▸ TASK TO COMPLETE:
Below are entries with pictures in them. Output exactly the lines starting at the line with "ethyl ester Struktur" and ending at the line with "Merry Christmas Holly, Personalized", both included, but not the pictures.

▸ PROVIDED DATA:

◆ ◆ ◆ ◆ ◆

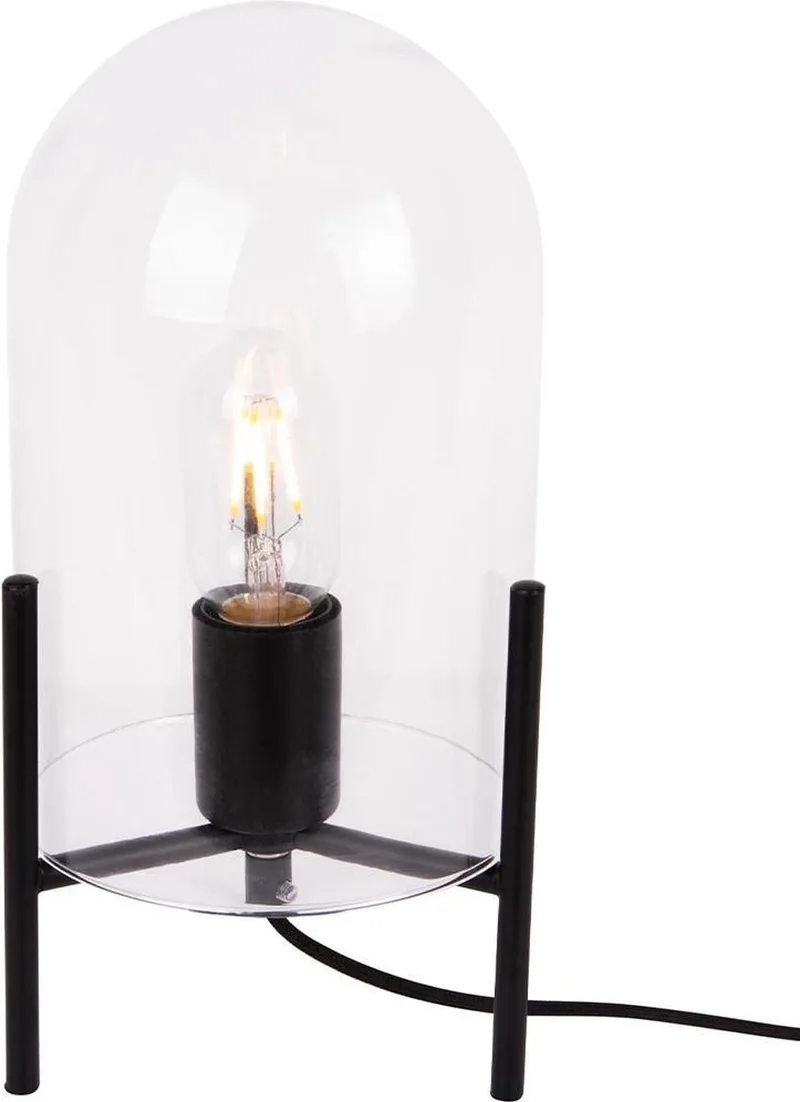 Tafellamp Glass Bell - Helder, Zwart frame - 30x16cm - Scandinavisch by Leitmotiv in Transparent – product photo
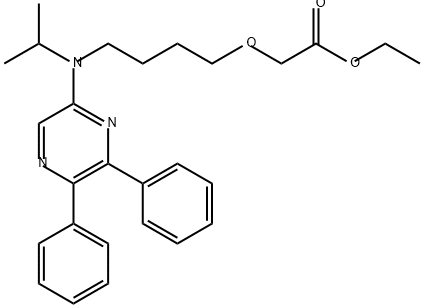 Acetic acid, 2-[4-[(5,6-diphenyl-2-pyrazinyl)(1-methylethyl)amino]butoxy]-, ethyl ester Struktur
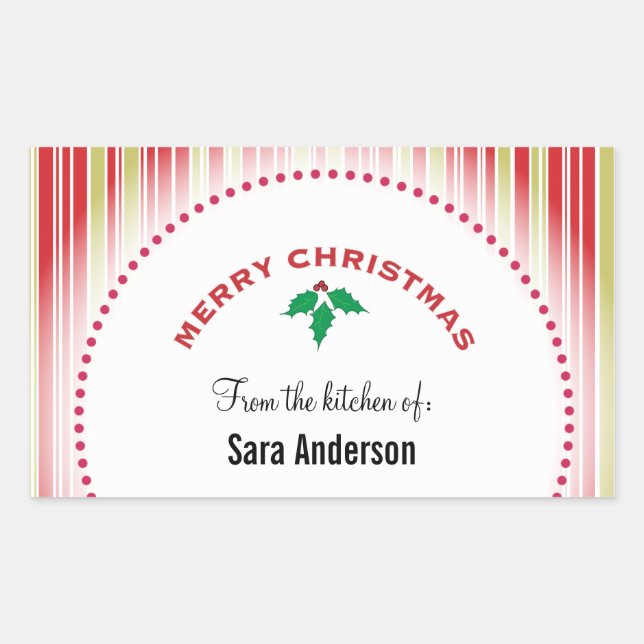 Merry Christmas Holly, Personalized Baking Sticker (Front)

◆ ◆ ◆ ◆ ◆

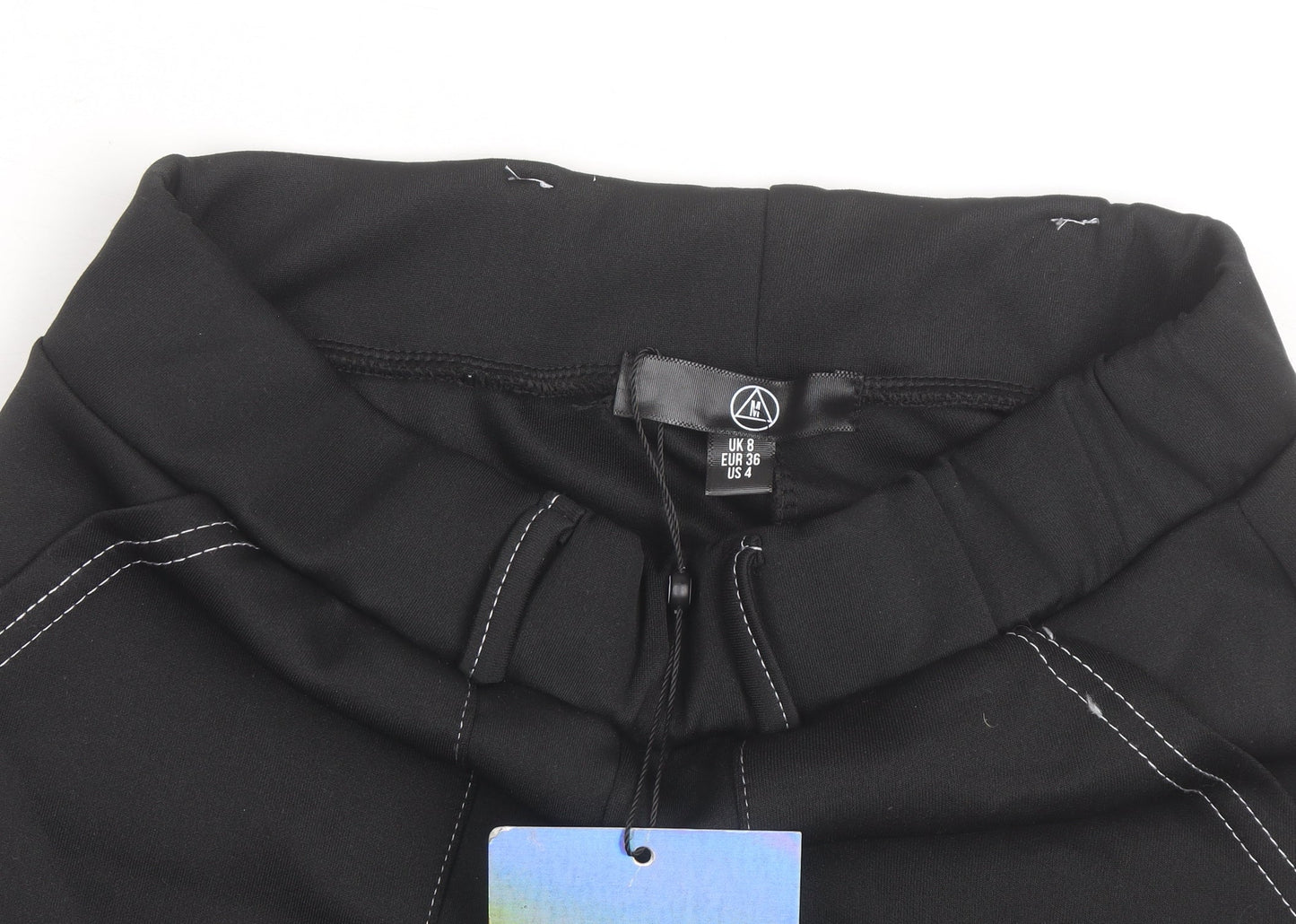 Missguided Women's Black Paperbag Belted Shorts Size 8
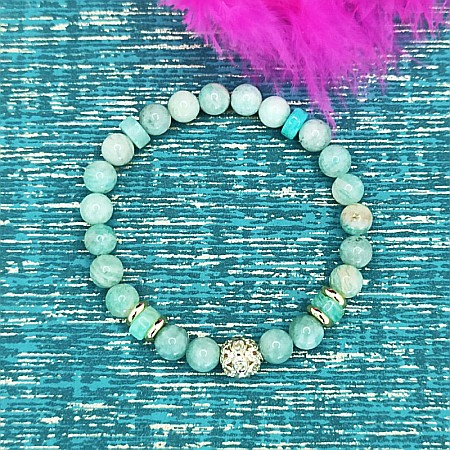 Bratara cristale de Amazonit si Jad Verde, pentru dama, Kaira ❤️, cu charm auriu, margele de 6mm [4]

◆ ◆ ◆ ◆ ◆

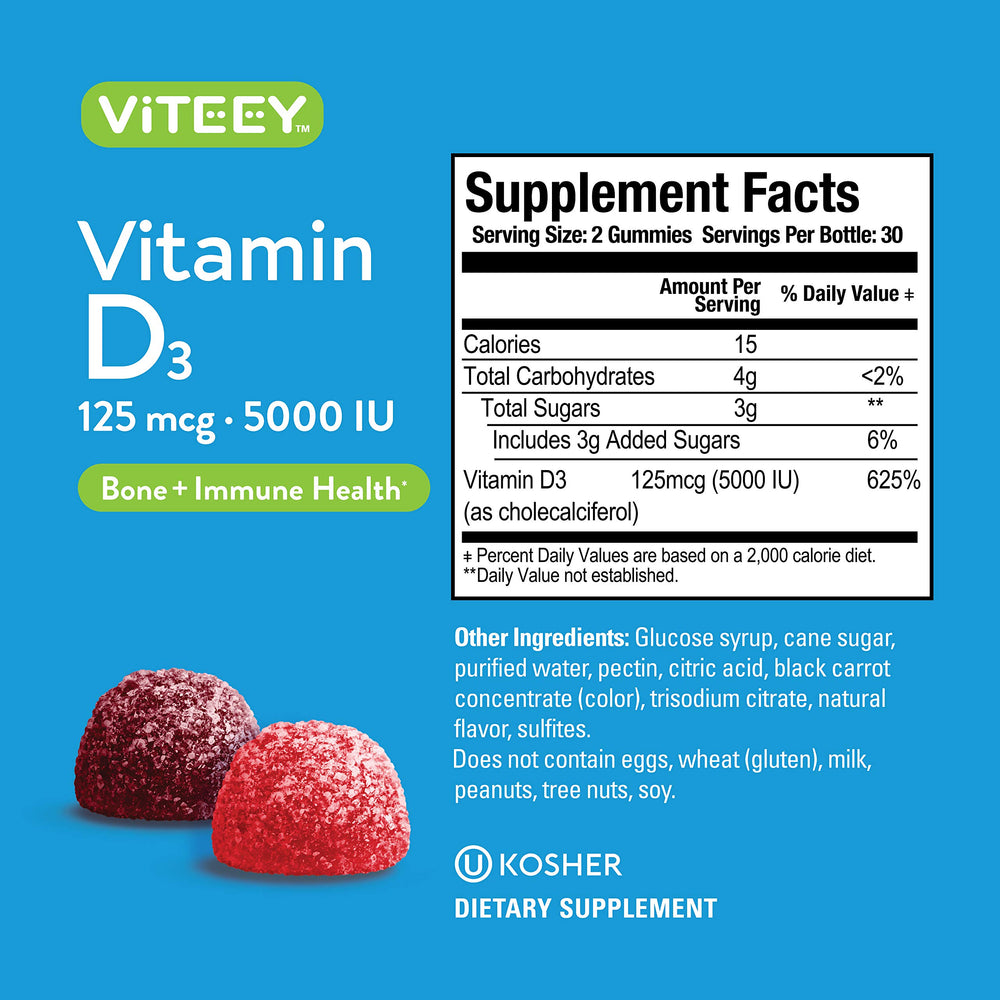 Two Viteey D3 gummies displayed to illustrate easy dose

◆ ◆ ◆ ◆ ◆

▸ SOLUTION:
 Acetic acid, 2-[4-[(5,6-diphenyl-2-pyrazinyl)(1-methylethyl)amino]butoxy]-, ethyl ester Struktur
 Merry Christmas Holly, Personalized Baking Sticker (Front)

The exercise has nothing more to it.